**What the exercise asks**
Restate the data below word for word, omitting pictures.

(Beginning of Input records)

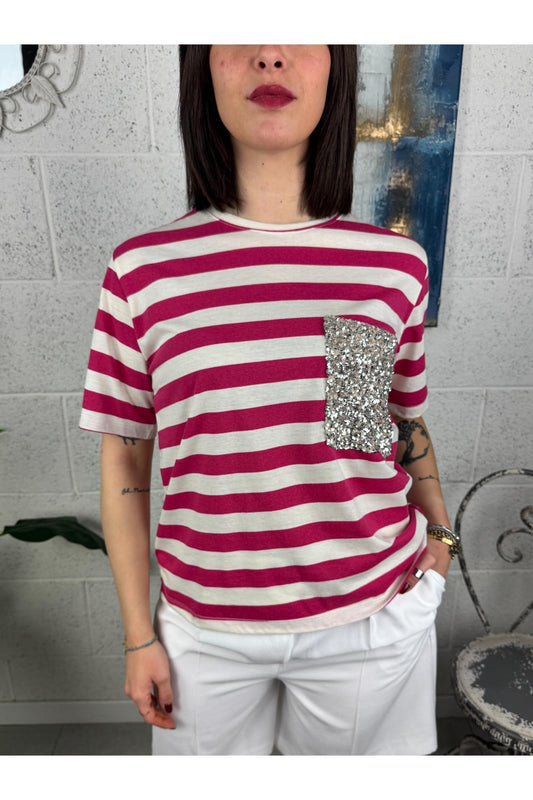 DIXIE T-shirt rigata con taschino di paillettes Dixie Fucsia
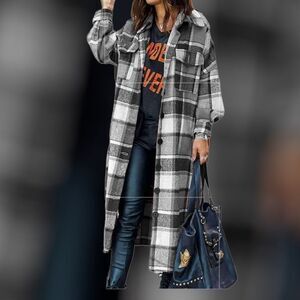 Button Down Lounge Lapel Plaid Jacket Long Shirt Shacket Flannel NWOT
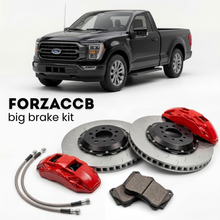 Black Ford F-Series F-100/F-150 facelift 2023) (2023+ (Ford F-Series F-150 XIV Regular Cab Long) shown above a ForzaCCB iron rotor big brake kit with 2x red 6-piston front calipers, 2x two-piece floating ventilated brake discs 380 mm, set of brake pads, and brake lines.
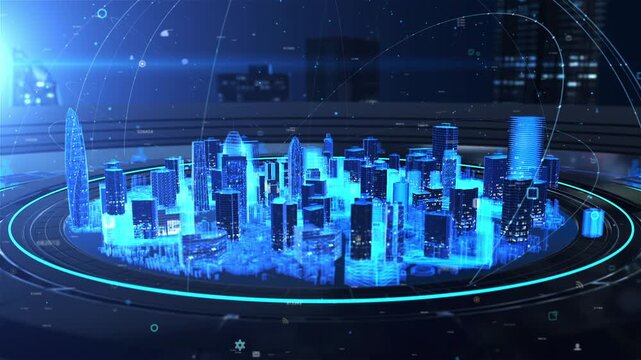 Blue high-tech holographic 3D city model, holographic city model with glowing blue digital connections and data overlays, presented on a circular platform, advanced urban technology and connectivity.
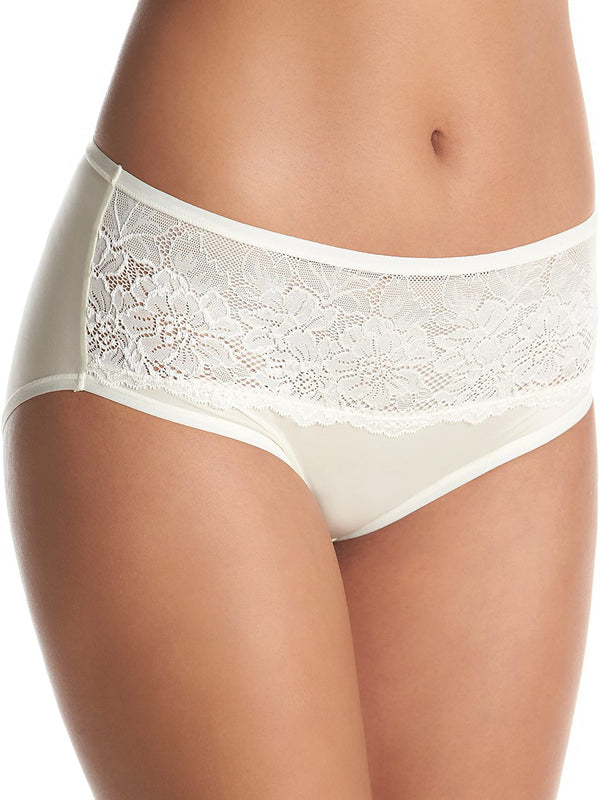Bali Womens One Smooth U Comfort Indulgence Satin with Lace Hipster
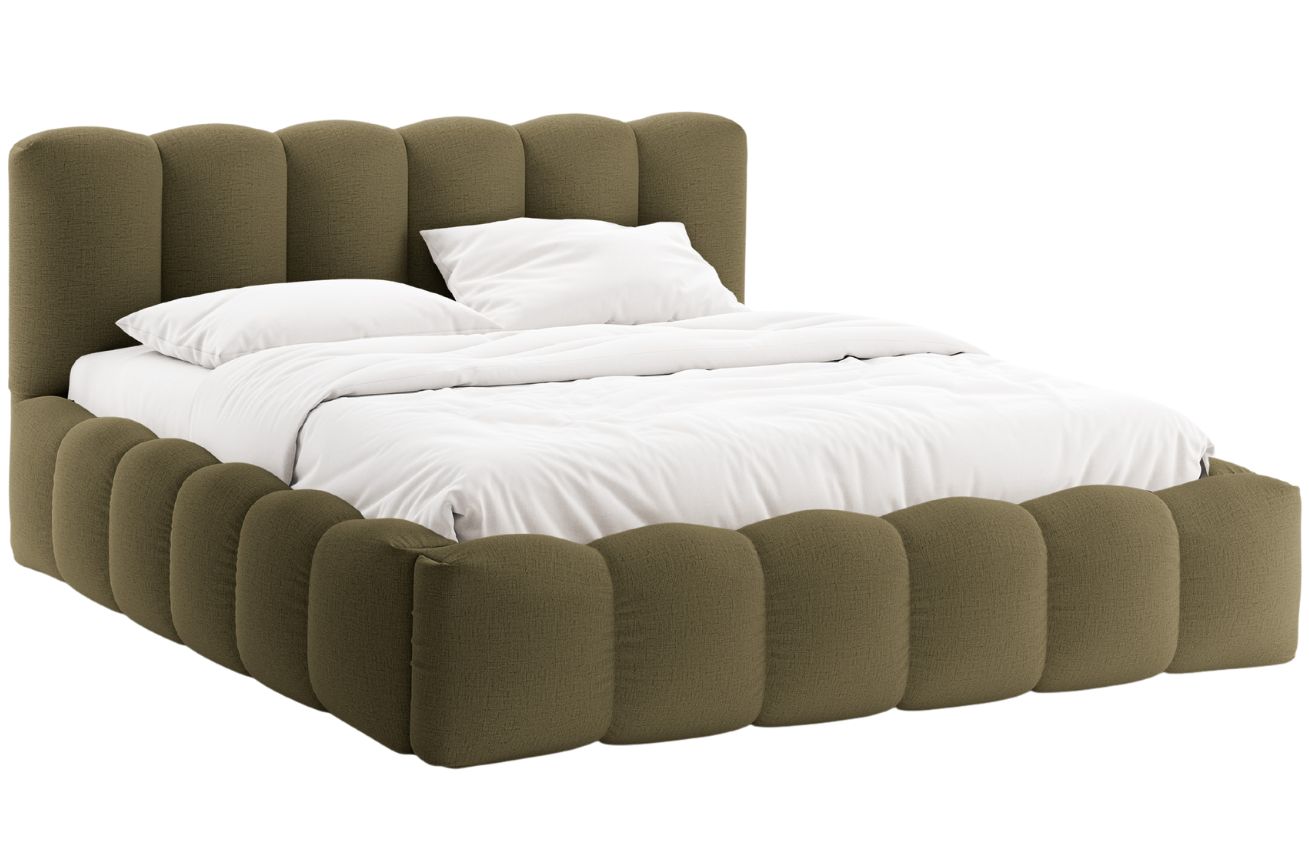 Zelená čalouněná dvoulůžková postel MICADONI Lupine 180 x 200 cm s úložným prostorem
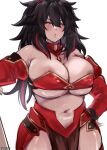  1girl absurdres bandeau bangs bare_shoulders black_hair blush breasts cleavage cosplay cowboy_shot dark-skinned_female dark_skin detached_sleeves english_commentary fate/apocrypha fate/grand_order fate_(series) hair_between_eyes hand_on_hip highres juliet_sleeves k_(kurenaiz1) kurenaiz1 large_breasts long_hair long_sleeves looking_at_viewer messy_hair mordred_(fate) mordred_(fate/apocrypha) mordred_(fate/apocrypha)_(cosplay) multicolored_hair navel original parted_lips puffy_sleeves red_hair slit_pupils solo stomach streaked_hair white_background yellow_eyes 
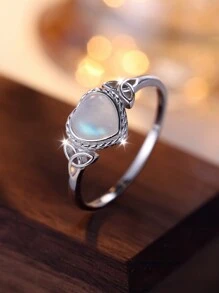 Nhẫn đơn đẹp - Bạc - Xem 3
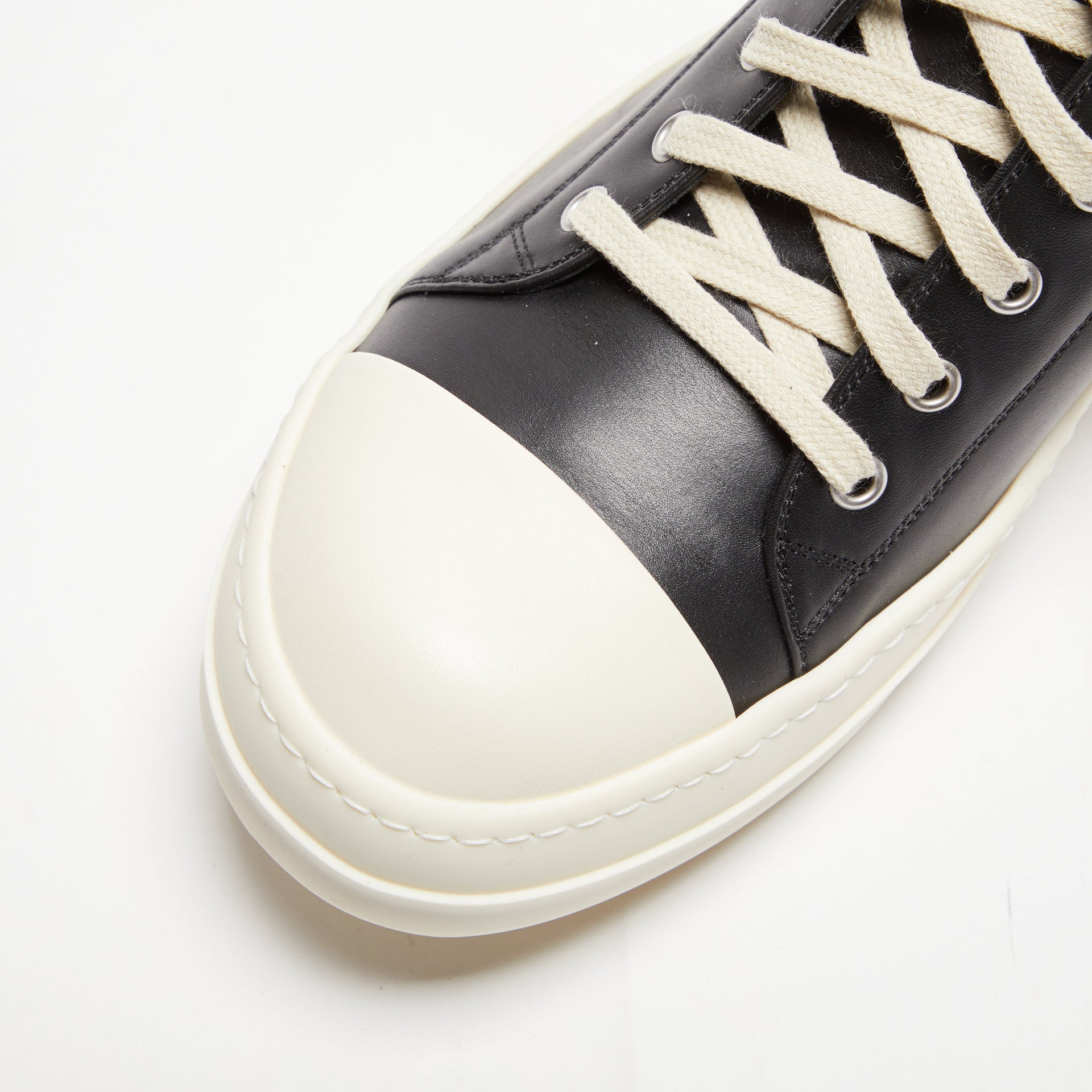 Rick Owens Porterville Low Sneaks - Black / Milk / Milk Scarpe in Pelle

(End of Input records)

**Your response**
 DIXIE T-shirt rigata con taschino di paillettes Dixie Fucsia
 Button Down Lounge Lapel Plaid Jacket Long Shirt Shacket Flannel NWOT
 Black Ford F-Series F-100/F-150 facelift 2023) (2023+ (Ford F-Series F-150 XIV Regular Cab Long) shown above a ForzaCCB iron rotor big brake kit with 2x red 6-piston front calipers, 2x two-piece floating ventilated brake discs 380 mm, set of brake pads, and brake lines.
 Blue high-tech holographic 3D city model, holographic city model with glowing blue digital connections and data overlays, presented on a circular platform, advanced urban technology and connectivity.
Bali Womens One Smooth U Comfort Indulgence Satin with Lace Hipster
 Zelená čalouněná dvoulůžková postel MICADONI Lupine 180 x 200 cm s úložným prostorem
  1girl absurdres bandeau bangs bare_shoulders black_hair blush breasts cleavage cosplay cowboy_shot dark-skinned_female dark_skin detached_sleeves english_commentary fate/apocrypha fate/grand_order fate_(series) hair_between_eyes hand_on_hip highres juliet_sleeves k_(kurenaiz1) kurenaiz1 large_breasts long_hair long_sleeves looking_at_viewer messy_hair mordred_(fate) mordred_(fate/apocrypha) mordred_(fate/apocrypha)_(cosplay) multicolored_hair navel original parted_lips puffy_sleeves red_hair slit_pupils solo stomach streaked_hair white_background yellow_eyes 
 Nhẫn đơn đẹp - Bạc - Xem 3
 Rick Owens Porterville Low Sneaks - Black / Milk / Milk Scarpe in Pelle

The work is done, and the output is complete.